Mark Sampson jokes that he is busier than Donald Trump these days – and the England Women manager would have it no other way.
While the controversial US President presses on with his mission of making America “great again”, Sampson has gone a long way towards turning around a failing Lionesses team in the course of his own first four years in office. And he has managed it while giving up one of the loves he shares with Trump: golf.
Sampson was spotted swinging a pole in a golf-club motion on the St George’s Park training pitch where England spent much of June training hard ahead of their European Championship mission. While his players were warming down, Sampson was dreaming of finding the middle of a fairway – any fairway – off the tee.
Not that the 34-year-old gets the chance to swing an actual golf club these days.

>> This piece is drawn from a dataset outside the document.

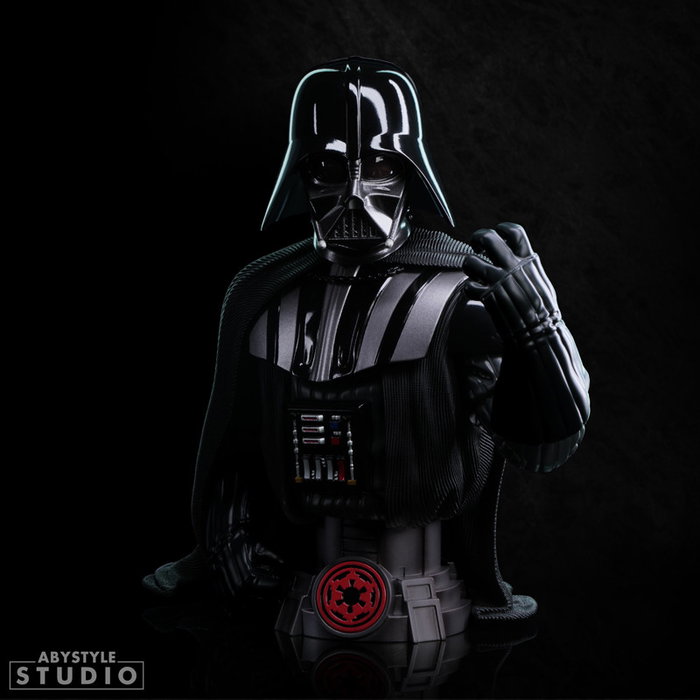 Abystyle Star Wars Bust Darth Vader SB6 Figura de Colección Escala 1:6 PVC 15cm con Emblema Imperial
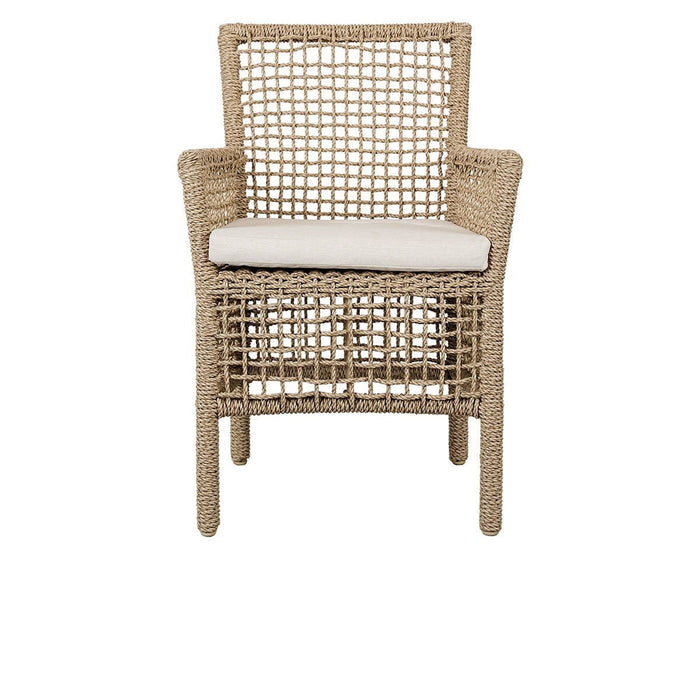 Brisbane - Outdoor Dining Chair - Natural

“I used to back in the day, a long, long time ago, but I think Donald Trump plays more golf than me now – he’s obviously got less to do,” said Sampson. “I can’t remember the last time I picked up a golf club unfortunately. Pretty sad.”

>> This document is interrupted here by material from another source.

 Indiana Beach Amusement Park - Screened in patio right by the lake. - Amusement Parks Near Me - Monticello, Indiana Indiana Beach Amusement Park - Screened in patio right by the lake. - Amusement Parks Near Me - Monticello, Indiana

Welshman Sampson took the reins in late 2013 and guided the Lionesses to third place at the World Cup two years ago.
The mission to Holland this summer is one that England firmly believe can be a triumphant trip, and Sampson takes enormous pride in his work, having overhauled the team that fluffed their last shot at a European Championship.
The group-stage exit in Sweden four years ago spelled the end for Sampson’s predecessor Hope Powell and when the Football Association offered Sampson the job, he made sure it sat well at home. A proud Cardiff boy, Sampson turned to father Derek for advice.

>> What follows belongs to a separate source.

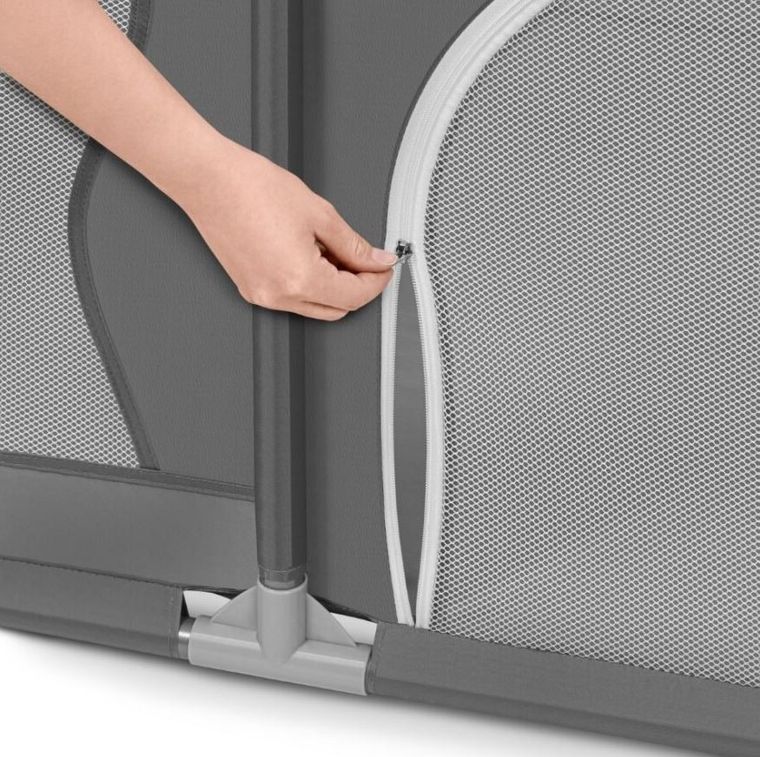 Lionelo, Willow, tarcul pentru copii, Grey Concrete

“It was my dad who convinced me to do it,” Sampson said. “It seems a long time ago now, but it was a fantastic opportunity and it’s been a privilege and an honour to get on the training pitch, and to represent England over 50 times as the head coach is something I never dreamed would be the case.”
Powell had 15 years at the helm, but expectations of England were very different then. The FA has since pumped huge sums into the women’s game and Sampson accepts results must follow.
The greater the success England achieve, the more potential future Steph Houghtons and Fran Kirbys will be kicking balls in parks, and the FA is looking to double participation numbers in women’s and girls’ football by 2020.
“We treat every game as if it’s our last and we prepare thoroughly, and we treasure every single moment that we’re together because we know in football it can end very quickly,” Sampson said. “Hopefully not, hopefully we’re here for a long, long time, win lots of trophies and establish ourselves as the best team in the world.”